[Exercise directions]
All of the data below should be copied exactly as it stands.

--- START ---

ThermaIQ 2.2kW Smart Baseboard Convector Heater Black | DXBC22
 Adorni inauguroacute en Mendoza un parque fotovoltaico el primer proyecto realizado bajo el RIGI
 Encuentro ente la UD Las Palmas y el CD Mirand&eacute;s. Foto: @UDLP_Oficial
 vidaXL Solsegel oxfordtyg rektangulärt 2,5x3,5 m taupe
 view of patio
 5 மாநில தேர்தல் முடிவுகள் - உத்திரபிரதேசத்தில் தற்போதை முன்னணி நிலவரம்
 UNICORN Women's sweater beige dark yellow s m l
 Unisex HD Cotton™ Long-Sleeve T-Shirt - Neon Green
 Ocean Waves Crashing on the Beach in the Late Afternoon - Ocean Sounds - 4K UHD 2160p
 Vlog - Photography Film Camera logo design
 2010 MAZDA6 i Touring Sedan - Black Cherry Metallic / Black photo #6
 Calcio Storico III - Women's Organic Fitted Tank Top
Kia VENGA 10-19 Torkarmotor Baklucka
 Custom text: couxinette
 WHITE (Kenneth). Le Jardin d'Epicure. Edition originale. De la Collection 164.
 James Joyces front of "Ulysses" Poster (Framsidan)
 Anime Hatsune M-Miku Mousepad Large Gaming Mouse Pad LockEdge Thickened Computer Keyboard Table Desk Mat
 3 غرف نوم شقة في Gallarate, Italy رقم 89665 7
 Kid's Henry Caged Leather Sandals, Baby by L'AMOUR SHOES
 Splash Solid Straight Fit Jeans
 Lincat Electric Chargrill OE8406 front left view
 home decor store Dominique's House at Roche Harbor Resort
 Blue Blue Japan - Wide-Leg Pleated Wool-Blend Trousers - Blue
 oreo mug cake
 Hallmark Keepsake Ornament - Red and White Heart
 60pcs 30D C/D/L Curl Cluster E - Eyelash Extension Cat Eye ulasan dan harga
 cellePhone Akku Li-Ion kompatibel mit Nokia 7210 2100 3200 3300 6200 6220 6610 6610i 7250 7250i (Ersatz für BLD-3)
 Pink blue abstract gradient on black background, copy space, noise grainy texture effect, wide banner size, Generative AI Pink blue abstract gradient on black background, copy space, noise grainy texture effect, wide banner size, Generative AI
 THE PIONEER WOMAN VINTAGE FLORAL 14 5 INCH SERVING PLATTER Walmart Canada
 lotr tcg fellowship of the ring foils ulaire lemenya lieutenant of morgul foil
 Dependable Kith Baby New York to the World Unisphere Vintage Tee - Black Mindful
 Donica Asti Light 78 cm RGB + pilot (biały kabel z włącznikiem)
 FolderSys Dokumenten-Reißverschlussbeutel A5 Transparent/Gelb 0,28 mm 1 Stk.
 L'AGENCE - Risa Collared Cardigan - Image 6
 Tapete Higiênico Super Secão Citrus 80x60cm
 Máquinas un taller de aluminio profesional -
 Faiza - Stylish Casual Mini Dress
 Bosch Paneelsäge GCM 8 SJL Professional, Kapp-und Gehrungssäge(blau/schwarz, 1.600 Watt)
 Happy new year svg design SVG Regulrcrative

--- END ---

[Reply]
ThermaIQ 2.2kW Smart Baseboard Convector Heater Black | DXBC22
 Adorni inauguroacute en Mendoza un parque fotovoltaico el primer proyecto realizado bajo el RIGI
 Encuentro ente la UD Las Palmas y el CD Mirand&eacute;s. Foto: @UDLP_Oficial
 vidaXL Solsegel oxfordtyg rektangulärt 2,5x3,5 m taupe
 view of patio
 5 மாநில தேர்தல் முடிவுகள் - உத்திரபிரதேசத்தில் தற்போதை முன்னணி நிலவரம்
 UNICORN Women's sweater beige dark yellow s m l
 Unisex HD Cotton™ Long-Sleeve T-Shirt - Neon Green
 Ocean Waves Crashing on the Beach in the Late Afternoon - Ocean Sounds - 4K UHD 2160p
 Vlog - Photography Film Camera logo design
 2010 MAZDA6 i Touring Sedan - Black Cherry Metallic / Black photo #6
 Calcio Storico III - Women's Organic Fitted Tank Top
Kia VENGA 10-19 Torkarmotor Baklucka
 Custom text: couxinette
 WHITE (Kenneth). Le Jardin d'Epicure. Edition originale. De la Collection 164.
 James Joyces front of "Ulysses" Poster (Framsidan)
 Anime Hatsune M-Miku Mousepad Large Gaming Mouse Pad LockEdge Thickened Computer Keyboard Table Desk Mat
 3 غرف نوم شقة في Gallarate, Italy رقم 89665 7
 Kid's Henry Caged Leather Sandals, Baby by L'AMOUR SHOES
 Splash Solid Straight Fit Jeans
 Lincat Electric Chargrill OE8406 front left view
 home decor store Dominique's House at Roche Harbor Resort
 Blue Blue Japan - Wide-Leg Pleated Wool-Blend Trousers - Blue
 oreo mug cake
 Hallmark Keepsake Ornament - Red and White Heart
 60pcs 30D C/D/L Curl Cluster E - Eyelash Extension Cat Eye ulasan dan harga
 cellePhone Akku Li-Ion kompatibel mit Nokia 7210 2100 3200 3300 6200 6220 6610 6610i 7250 7250i (Ersatz für BLD-3)
 Pink blue abstract gradient on black background, copy space, noise grainy texture effect, wide banner size, Generative AI Pink blue abstract gradient on black background, copy space, noise grainy texture effect, wide banner size, Generative AI
 THE PIONEER WOMAN VINTAGE FLORAL 14 5 INCH SERVING PLATTER Walmart Canada
 lotr tcg fellowship of the ring foils ulaire lemenya lieutenant of morgul foil
 Dependable Kith Baby New York to the World Unisphere Vintage Tee - Black Mindful
 Donica Asti Light 78 cm RGB + pilot (biały kabel z włącznikiem)
 FolderSys Dokumenten-Reißverschlussbeutel A5 Transparent/Gelb 0,28 mm 1 Stk.
 L'AGENCE - Risa Collared Cardigan - Image 6
 Tapete Higiênico Super Secão Citrus 80x60cm
 Máquinas un taller de aluminio profesional -
 Faiza - Stylish Casual Mini Dress
 Bosch Paneelsäge GCM 8 SJL Professional, Kapp-und Gehrungssäge(blau/schwarz, 1.600 Watt)
 Happy new year svg design SVG Regulrcrative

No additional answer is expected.